15
Mar

Illegal immigration problematic for Social Security

Published on March 15th, 2015

Joe Guzzardi
March 15, 2015
As seen in:
The Baxter Bulletin
The Bemidji Pioneer
SitNews

An unsurprising report from the Social Security Administration’s Office of the Inspector General found the impossible — that 6.5 million people age 112 or older have active social security numbers. Senator Ron Johnson, Chairman of the Homeland Security and Governmental Affairs Committee called the SSA’s ineptitude “incredible.”

The OIG report was predictable because immigration experts have known for years that individuals who enter the country illegally depend on identity theft, and with impunity. Neither employers who benefit from their cheap labor nor the federal government which has condoned open borders for five decades has lifted a finger to end the hoax.

Indeed, OIG discovered that between 2008 and 2011, employers made 4,024 E-Verify inquiries from 3,873 social security numbers supposedly initiated by individuals born before June 16, 1901. But mandated E-Verify, the free, easy online program that employers can complete in just minutes, would help eliminate fraud and assure that employers hire either citizens or legal, work-authorized immigrants.

Here’s how E-Verify works. By comparing employee information submitted on an I-9 form and matching it against more than 455 million Social Security Administration records and 80 million Department of Homeland Security data base entries, E-Verify can instantly confirm an employee’s eligibility. If the information matches, the employee is eligible to work in the United State. If there’s a mismatch, E-Verify will alert the employer and the employee, and the employee will be allowed to continue working until the issue is resolved. E-Verify would replace the I-9 paper system, an open invitation to deceive. According to the latest available research, during fiscal year 2013, E-Verify processed nearly 24 million applications which had a 98.1 percent confirmation rate.

Although E-Verify has been around in one form or another since 1996 when it began as the Basic Pilot Program, 2015 represents its best chance to become a national law. Several states already have E-Verify in place.

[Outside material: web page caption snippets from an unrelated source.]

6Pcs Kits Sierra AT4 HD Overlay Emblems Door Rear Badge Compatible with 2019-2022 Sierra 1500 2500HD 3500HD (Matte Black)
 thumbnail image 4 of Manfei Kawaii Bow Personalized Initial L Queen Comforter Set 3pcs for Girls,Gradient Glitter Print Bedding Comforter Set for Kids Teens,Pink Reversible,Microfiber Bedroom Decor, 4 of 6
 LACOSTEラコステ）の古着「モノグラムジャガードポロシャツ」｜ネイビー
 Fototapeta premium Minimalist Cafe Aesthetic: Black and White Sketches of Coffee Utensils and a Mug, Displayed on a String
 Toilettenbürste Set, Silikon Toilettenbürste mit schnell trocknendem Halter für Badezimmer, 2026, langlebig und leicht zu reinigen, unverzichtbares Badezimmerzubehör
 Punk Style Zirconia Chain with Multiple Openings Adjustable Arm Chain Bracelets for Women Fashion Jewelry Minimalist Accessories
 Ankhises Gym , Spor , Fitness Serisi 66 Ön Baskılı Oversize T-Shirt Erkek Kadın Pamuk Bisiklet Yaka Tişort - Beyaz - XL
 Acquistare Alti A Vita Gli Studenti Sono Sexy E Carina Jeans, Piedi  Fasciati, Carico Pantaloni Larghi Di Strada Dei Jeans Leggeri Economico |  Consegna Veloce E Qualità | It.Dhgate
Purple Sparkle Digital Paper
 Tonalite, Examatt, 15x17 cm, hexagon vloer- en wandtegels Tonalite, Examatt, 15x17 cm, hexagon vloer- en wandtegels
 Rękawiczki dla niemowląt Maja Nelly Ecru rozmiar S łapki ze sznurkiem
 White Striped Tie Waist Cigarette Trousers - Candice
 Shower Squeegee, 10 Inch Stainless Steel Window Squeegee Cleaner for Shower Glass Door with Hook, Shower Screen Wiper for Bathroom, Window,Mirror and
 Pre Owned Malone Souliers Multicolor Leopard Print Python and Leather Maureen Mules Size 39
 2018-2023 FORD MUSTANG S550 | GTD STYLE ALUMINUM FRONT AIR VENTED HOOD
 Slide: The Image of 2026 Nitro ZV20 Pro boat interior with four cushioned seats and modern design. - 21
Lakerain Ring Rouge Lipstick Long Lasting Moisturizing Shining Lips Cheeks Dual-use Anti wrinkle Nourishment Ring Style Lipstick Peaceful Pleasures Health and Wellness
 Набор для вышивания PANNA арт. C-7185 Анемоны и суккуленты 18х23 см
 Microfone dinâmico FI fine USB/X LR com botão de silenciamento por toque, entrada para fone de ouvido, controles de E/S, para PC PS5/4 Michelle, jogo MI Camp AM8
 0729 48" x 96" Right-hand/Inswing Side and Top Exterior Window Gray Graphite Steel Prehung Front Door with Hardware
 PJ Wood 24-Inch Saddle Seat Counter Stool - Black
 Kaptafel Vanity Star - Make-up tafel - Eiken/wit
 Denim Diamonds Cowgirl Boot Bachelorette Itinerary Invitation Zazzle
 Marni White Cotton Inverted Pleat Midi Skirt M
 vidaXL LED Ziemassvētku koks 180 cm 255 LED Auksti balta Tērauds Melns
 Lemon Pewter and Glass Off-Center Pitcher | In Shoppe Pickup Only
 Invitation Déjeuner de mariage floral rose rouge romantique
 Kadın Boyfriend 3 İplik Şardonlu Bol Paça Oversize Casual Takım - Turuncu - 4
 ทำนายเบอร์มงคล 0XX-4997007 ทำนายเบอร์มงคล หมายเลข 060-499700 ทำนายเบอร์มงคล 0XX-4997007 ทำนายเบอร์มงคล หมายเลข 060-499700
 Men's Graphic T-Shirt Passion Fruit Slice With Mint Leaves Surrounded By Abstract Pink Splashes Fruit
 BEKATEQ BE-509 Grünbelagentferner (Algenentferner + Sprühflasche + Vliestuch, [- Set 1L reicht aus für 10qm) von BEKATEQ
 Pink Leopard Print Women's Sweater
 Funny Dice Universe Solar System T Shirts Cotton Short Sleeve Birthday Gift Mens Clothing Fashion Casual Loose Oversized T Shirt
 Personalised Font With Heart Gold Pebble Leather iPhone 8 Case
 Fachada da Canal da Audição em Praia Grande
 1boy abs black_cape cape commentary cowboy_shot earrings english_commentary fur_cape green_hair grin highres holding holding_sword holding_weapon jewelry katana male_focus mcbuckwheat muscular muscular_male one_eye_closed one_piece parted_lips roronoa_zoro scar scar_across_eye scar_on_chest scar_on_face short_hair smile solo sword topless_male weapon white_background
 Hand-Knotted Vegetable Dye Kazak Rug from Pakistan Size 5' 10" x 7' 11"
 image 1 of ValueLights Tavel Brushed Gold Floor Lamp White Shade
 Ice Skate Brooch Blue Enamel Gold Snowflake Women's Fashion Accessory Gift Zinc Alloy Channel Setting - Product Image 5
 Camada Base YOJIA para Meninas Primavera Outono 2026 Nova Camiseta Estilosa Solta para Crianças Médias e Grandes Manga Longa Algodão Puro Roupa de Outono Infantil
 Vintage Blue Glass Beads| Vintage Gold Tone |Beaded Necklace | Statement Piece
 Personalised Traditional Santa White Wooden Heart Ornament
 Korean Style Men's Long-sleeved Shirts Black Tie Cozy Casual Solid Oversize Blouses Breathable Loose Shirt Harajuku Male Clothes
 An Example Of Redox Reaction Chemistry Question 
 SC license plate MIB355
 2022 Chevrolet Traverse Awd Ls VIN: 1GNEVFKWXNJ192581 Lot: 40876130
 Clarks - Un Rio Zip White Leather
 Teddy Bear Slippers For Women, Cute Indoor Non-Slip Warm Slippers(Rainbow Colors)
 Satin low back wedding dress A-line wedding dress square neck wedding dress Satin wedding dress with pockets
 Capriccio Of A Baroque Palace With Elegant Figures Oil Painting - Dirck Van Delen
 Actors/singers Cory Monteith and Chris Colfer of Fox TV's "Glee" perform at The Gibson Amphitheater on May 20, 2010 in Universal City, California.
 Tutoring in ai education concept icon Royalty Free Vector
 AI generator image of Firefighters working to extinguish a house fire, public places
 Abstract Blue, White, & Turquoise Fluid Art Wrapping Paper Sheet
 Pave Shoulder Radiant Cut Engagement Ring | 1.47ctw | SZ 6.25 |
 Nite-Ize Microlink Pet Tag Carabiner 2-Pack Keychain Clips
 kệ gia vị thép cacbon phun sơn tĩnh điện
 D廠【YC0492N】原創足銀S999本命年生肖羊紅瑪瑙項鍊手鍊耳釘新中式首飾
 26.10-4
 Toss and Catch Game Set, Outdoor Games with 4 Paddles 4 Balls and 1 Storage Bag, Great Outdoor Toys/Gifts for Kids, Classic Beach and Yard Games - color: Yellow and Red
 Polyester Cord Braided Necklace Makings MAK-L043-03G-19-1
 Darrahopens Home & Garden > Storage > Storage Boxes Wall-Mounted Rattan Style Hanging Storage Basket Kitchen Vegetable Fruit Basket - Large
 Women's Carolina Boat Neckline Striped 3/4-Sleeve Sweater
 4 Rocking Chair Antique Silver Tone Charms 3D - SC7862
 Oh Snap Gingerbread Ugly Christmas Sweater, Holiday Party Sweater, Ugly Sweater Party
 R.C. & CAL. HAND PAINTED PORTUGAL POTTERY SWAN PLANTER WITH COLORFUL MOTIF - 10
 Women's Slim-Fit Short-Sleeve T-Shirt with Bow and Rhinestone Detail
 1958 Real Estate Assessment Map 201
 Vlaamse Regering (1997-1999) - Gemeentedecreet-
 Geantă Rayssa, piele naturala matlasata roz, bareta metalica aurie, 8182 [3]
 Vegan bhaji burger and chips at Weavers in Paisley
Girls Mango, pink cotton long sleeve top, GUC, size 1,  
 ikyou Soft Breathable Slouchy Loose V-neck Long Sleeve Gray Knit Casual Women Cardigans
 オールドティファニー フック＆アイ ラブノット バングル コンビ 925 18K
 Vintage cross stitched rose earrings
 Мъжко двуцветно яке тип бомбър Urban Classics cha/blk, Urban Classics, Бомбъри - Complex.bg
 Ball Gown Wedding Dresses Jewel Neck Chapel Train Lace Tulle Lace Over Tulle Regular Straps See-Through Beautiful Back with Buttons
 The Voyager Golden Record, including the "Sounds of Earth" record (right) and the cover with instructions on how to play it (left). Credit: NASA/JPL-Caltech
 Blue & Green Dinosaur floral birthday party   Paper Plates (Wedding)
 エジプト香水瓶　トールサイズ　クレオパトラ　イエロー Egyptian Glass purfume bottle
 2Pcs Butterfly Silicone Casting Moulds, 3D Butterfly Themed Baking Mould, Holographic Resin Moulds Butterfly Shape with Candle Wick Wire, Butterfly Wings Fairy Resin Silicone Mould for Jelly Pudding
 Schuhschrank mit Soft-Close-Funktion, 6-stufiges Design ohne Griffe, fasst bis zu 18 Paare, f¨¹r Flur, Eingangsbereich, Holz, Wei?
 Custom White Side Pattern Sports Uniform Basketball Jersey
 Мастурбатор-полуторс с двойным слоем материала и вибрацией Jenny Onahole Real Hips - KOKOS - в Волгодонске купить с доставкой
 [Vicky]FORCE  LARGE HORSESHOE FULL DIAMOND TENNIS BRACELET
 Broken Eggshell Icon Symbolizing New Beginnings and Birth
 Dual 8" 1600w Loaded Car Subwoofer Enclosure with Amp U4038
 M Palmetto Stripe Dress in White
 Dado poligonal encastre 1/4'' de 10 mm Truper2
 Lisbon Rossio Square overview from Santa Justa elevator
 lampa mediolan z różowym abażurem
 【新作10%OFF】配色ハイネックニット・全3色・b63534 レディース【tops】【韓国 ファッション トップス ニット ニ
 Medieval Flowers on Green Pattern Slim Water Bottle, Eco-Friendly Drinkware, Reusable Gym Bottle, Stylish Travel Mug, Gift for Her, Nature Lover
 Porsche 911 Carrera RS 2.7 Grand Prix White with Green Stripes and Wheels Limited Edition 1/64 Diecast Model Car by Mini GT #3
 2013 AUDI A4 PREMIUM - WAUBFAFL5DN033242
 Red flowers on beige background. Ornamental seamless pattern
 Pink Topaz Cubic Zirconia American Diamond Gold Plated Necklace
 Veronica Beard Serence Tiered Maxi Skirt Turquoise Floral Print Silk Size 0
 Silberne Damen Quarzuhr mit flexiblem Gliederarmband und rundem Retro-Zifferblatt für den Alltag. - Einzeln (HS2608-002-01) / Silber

Earlier this month, the House Judiciary Committee passed the Legal Workforce Act that would, through a gradual phase-in process, compel employers to run their new hires through E-Verify. The Legal Workforce Act has a provision that would prevent Executive Branch efforts to derail it. If the federal government interferes with E-Verify’s implementation, states would be empowered to carry out the law. Chairman Bob Goodlatte said that expanded E-Verify will be a critical component to interior enforcement and would, since it provides a tangible way to monitor employment, help restore the immigration system’s long-lost integrity.

In 2011, Speaker John Boehner kept a similar E-Verify bill from a full floor vote. But after his recent humiliating defeat on the Department of Homeland Security funding, he knows that to save his speaker’s job, he must schedule a vote.

E-Verify will likely pass in the House, and probably also pass in the Senate. Then, despite his repeated promises to help middle class Americans which E-Verify would help do, Obama will probably veto it. But the Senate might have the necessary 67 votes to override Obama’s veto.

In 2016, 34 Senate seats are up for re-election, 24 Republicans and 10 Democrats. Only the most well entrenched incumbents would dare go on record as having voted against legislation that would keep those who enter the country illegally from getting increasingly scarce jobs while millions of Americans are unemployed.

American citizenship should not be for sale. Given the escalation in birth tourism, unless laws are enacted to preserve citizenship privileges for those who deserve them, those rights will continue to be diluted.